Cal Shakes ends season with royally pleasing Lear
three stars Moving, powerful
Perhaps the Fool said it best: “This cold night will turn us all to fools and madmen.”
Saturday night was indeed cold as California Shakespeare Theater opened the final show of its summer season, King Lear. And sure enough, there was no shortage of fools or madmen in director Lisa Peterson’s production.
The epic grandeur you expect from Lear is here, especially when Alexander V. Nichols’ lights hit the upright metal girders and giant, almost fully rounded arch of Rachel Hauck’s industrial set.
This is not a fanciful production. The rough, scrap yard look evokes a tough world of economic struggle and hardship. Meg Neville’s costumes evoke the glamour of the late ’20s and early ’30s for the royals and the misery of the Depression for everyone else.
Peterson creates some striking stage pictures: a disguised Edgar (Erik Lochtefeld) emerging from a trapdoor, nude and raving as Tom of Bedlam; Edgar’s return to exact vengeance on his bastard brother, with Edgar standing like a superhero in the arch, backlit with stage smoke swirling around his upraised sword; the stormy night that tests Lear’s sanity with great sheets of metal creating thunderous rolls and the ensemble banging on metal barrels and pouring out buckets of water.
And then there’s the gore. Peterson is no-nonsense about the blood. King Lear is a violent upheaval of a play — emotionally and physically — and there’s blood where there should be blood.
Most memorable is the famous eye-gouging scene as the Duke of Cornwall (L. Peter Callender) uses a corkscrew to blind the Earl of Gloucester (James Carpenter). The first eye ends up as so much bloody goo on the stage floor — much to the horrified delight of the audience.
And when Oswald (a crisp, funny Liam Vincent), a snooty steward, gets knocked upside the head, the blood sprays like a scene from a splatter movie.
Peterson goes for that kind of clarity and frankness in the performances as well and mostly succeeds.
Jeffrey DeMunn as Lear bears much of this massive play’s weight on his capable shoulders. If anything, DeMunn’s Lear doesn’t seem quite old or fragile enough, but the actor makes a strong emotional connection with this tormented man whose pampered, self-centered life as a king has left him unable to navigate the real world or real feelings.
The quick-to-anger scenes — as when Lear curses his eldest daughter, Goneril (Delia MacDougall) with sterility or when he calls Goneril and middle daughter Regan (Julie Eccles) “unnatural hags” — have startling ferocity.
And Lear’s heartbreaking sobs as he carries the corpse of youngest daughter Cordelia (Sarah Nealis) ring through the Bruns Amphitheater and the Orinda hills.
The cast is full of dignified, straight-ahead performances — Andy Murray’s Kent, Lochtefeld’s Edgar, Anthony Fusco’s warm, wise Fool — but one performance stands apart from the others.

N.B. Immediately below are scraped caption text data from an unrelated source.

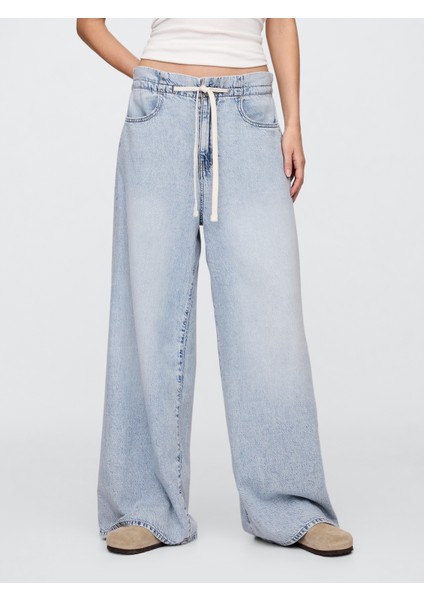 Kadın Mavi Mid Rise Superlight Pull-On Baggy Jean Pantolon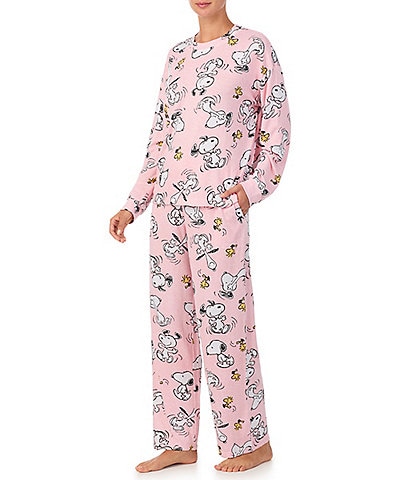 Peanuts Long Sleeve Round Neck Top & Long Pant Sweater Knit Blush Snoopy Print Pajama Set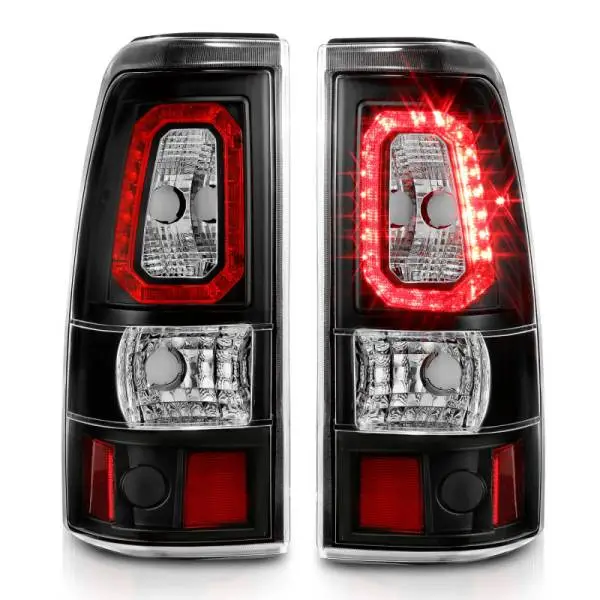 ANZO 1999-2002 Chevy Silverado 1500 LED Taillights Plank Style Black w/Clear Lens image 3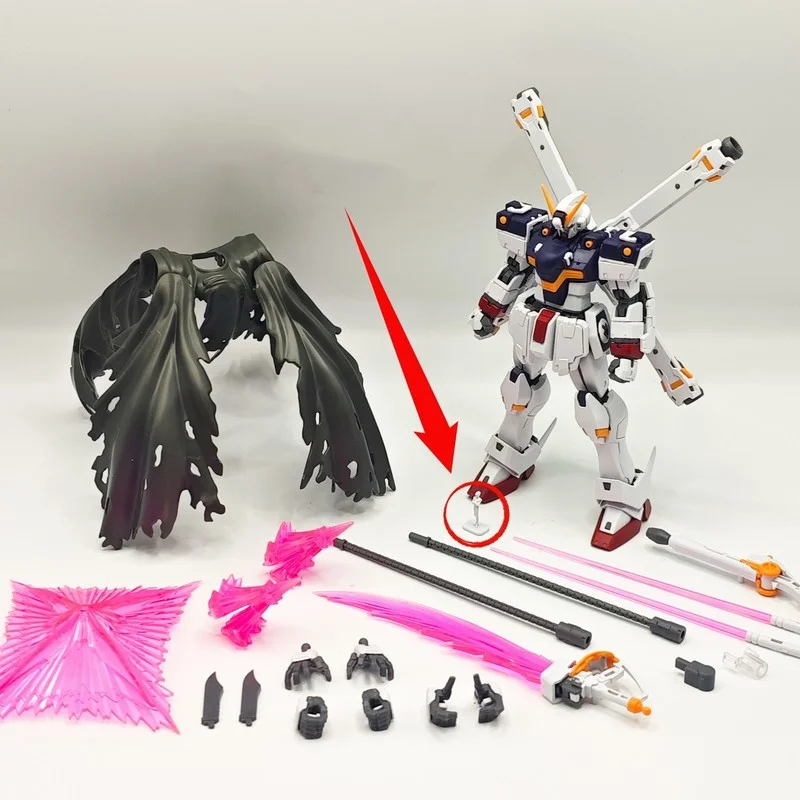 

RG 1/144 Crossbone X1 Mech Assembly Model Kit Action Figure Ornament With Torn Cloak Full Weapons Mini Pilot Figure Collectible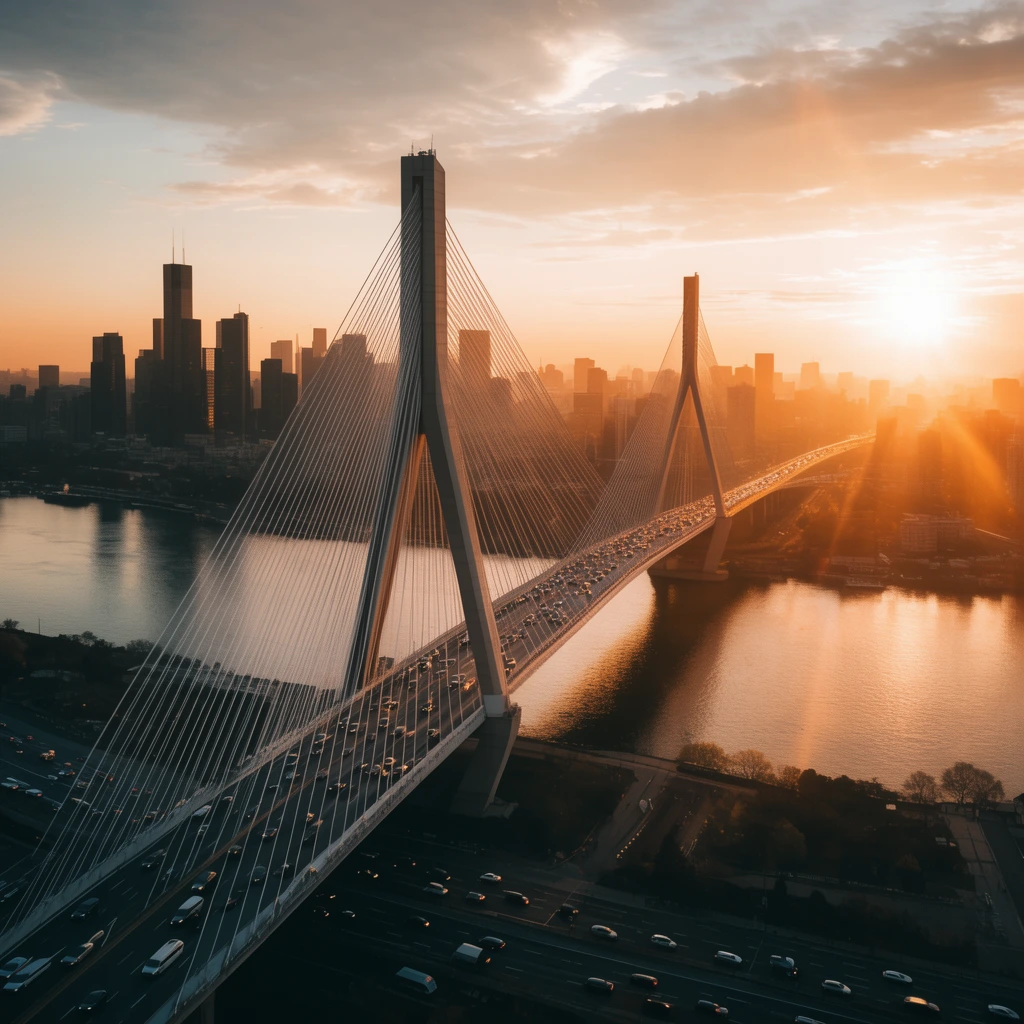 aerial city skyline at sunrise, prominent cable-stayed bridge with tall inverted Y-shaped towers and white fanning cables, busy multi-lane highway, dark skyscraper silhouettes, calm river reflecting dawn light, cinematic golden hour lighting, warm orange tones, bright sun glare with lens flares, wide panoramic perspective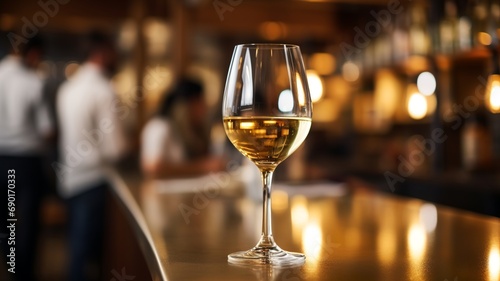 A glass of white wine with a blurry bartender and bar in the background. Generative AI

Ravi Kapoor as Edmund, Gloucester’s illegitimate son, is the play’s one traditional scheming, egotistical bad guy, and he feels, with his fedora, orange shirt and tie, like he’s visiting from a production of Guys and Dolls. His early monologue about destroying his brother, is extremely loud and delivered in a bizarre New York tough-guy accent.
It’s an off note in an otherwise sturdy production that proves, in its three hours, to be moving and powerful — a suitably affecting end to yet another stellar Cal Shakes season.